Hafnium Price Going After the Record
December 2022 | News

Source: Adobe Stock/ phaisarnwong2517
A restricted supply combined with growing demand: The price of the technology metal hafnium has been rising strongly since the beginning of 2022.
Hafnium is getting more and more expensive. Since the beginning of 2022, the price in Euro has increased by 111%. Growing demand in several industrial sectors, such as aviation, gas turbine manufacturing and the semiconductor industry, is driving this development.
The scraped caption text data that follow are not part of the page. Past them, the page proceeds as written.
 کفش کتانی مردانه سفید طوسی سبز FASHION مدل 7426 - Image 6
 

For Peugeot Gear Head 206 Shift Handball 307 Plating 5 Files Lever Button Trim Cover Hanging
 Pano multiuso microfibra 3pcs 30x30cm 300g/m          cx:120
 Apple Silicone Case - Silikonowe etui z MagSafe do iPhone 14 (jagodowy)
Crucial Raw Material for the Industry
Aircraft manufacturers such as Airbus expect an increase in orders over the next two years, according to the German business magazine Manager Magazin. Now that the market for short-haul aircraft has recovered from the effects of the Covid19 pandemic in air traffic, new orders for wide-body aircraft are on the horizon. As such, hafnium is essential for aircraft construction. As an alloying addition combined with niobium, tantalum and molybdenum, it gives aircraft turbines high strength, temperature stability and corrosion resistance. These high demands on the material also apply to the production of gas turbines. Manufacturers are also processing hafnium-based superalloys. According to market forecasts by management consultants McKinsey, the semiconductor industry, which is growing by up to 8 percent each year, requires hafnium to produce ever faster and smaller computer chips. Purchase volumes for the metal are likely to rise.
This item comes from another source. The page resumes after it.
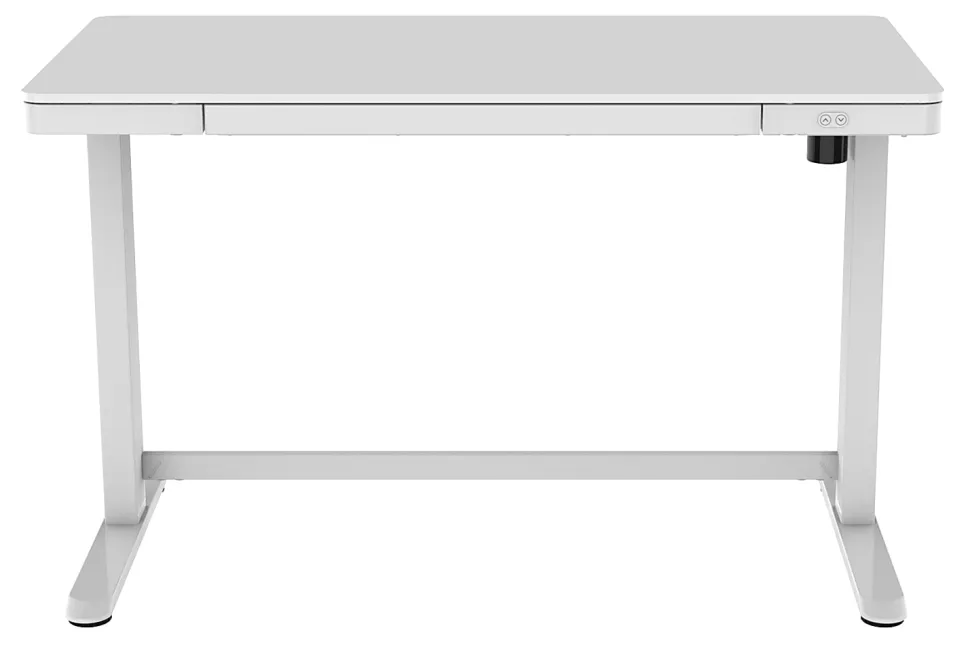 Realspace® Electric 48'W Height-Adjustable Standing Desk, White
Future Demand May Exceed Production Volumes
According to the industry website Argus Media, global hafnium production amounts to a maximum of 75 tons. This is little compared to other technology metals such as gallium or indium, which are available at 700 and 1,000 tons per year, respectively. Hafnium is linked to the mining of zirconium and is expensive to extract. For every ton of hafnium, 50 tons of zirconium are required. Therefore, mining volumes cannot be scaled arbitrarily. Given the physical scarcity, which meets increasing demand, supply bottlenecks cannot be ruled out. The EU has, therefore, added the technology metal to the list of critical raw materials in 2017. Analysts believe that competition for the raw material could intensify further in the coming years. Argus Media even calls hafnium an underestimated metal that doesn’t receive the same attention given to other metals and battery materials: “Especially because the market is small, but that doesn’t mean it’s any less strategic.”